To date, approximately 23 missense mutations have occurred in FRMD7, [3,6-9,11,12], with 14 of these mutations located in the FERM-C domain. The mutation of R279S happened at the final amino acid in the FERM-C domain and is close to other three known mutations (H275P, C271Y and C271F) in the same domain. We compared the characteristics of these four mutations (R279S, H275P, C271Y and C271F) using The Sequence Profile Model
(http://www.snps3d.org/ modules), and found that a SVM (Support Vector Machines) score of -3.5 was obtained at H275P, -3.16 at R279S, -2.31 at C271Y and -1.97 at C271F. A positive SVM score indicates an animo acid change classified as non-deleterious, and a negative score indicates a deleterious case. The larger the score, the more confident is the classification. So, the mutation of R279S is predicted to be more deleterious to the stability of the FRMD7 structure than either C271Y or C271F, and less than the mutation of H275P, according to the SVM score. Further study on the protein function should be helpful to prove this prediction.

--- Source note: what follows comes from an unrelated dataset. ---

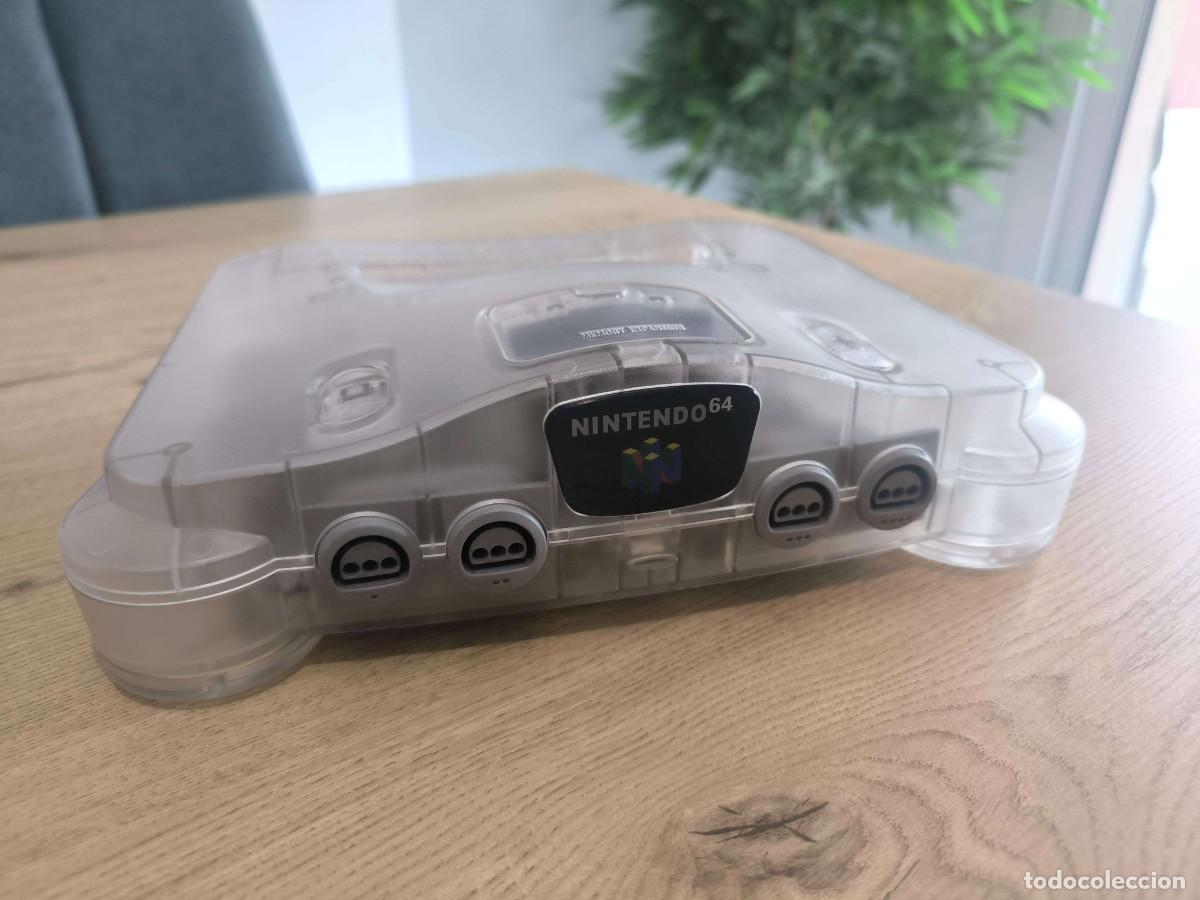 Videojuegos y consolas: Nintendo 64 Modded: Mod RGB + Full Recap + Shell Replace | Retromods Lab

FRMD7 has been shown to regulate the adhesion and morphogenesis of cells by modulating changes in the cytoskeleton [14,15]. However, the precise role of either the wild type or the mutant type of the FRMD7 protein in the pathogenesis of ICN is not clear. The mutant FRMD7 protein might disrupt the development of nerve cells in some areas controlling the eye movement in the brain. Abnormal development of these nerve cells likely causes the involuntary sideto- side eye movements that are characteristic of X-linked infantile nystagmus.
In summary, we investigated the gene mutations in a Han Chinese pedigree with infantile nystagmus and identified a novel gene mutation, c. 837G>C (p. R279S), in FRMD7 gene in this pedigree. This mutation would be expanding the mutation spectrum of FRMD7 and help to further study molecular pathogenesis of FRMD7 gene.
The authors thank all participants in the families for their enthusiastic participation. This work is partially supported by the National Natural Science Foundation of China (Grant No. 81170884), the Xuzhou Science and Technology Foundation (Grant No. XF10C050), and the Science and Technology Foundation of Tianjin Health Bureau (Grant No, 09KR09).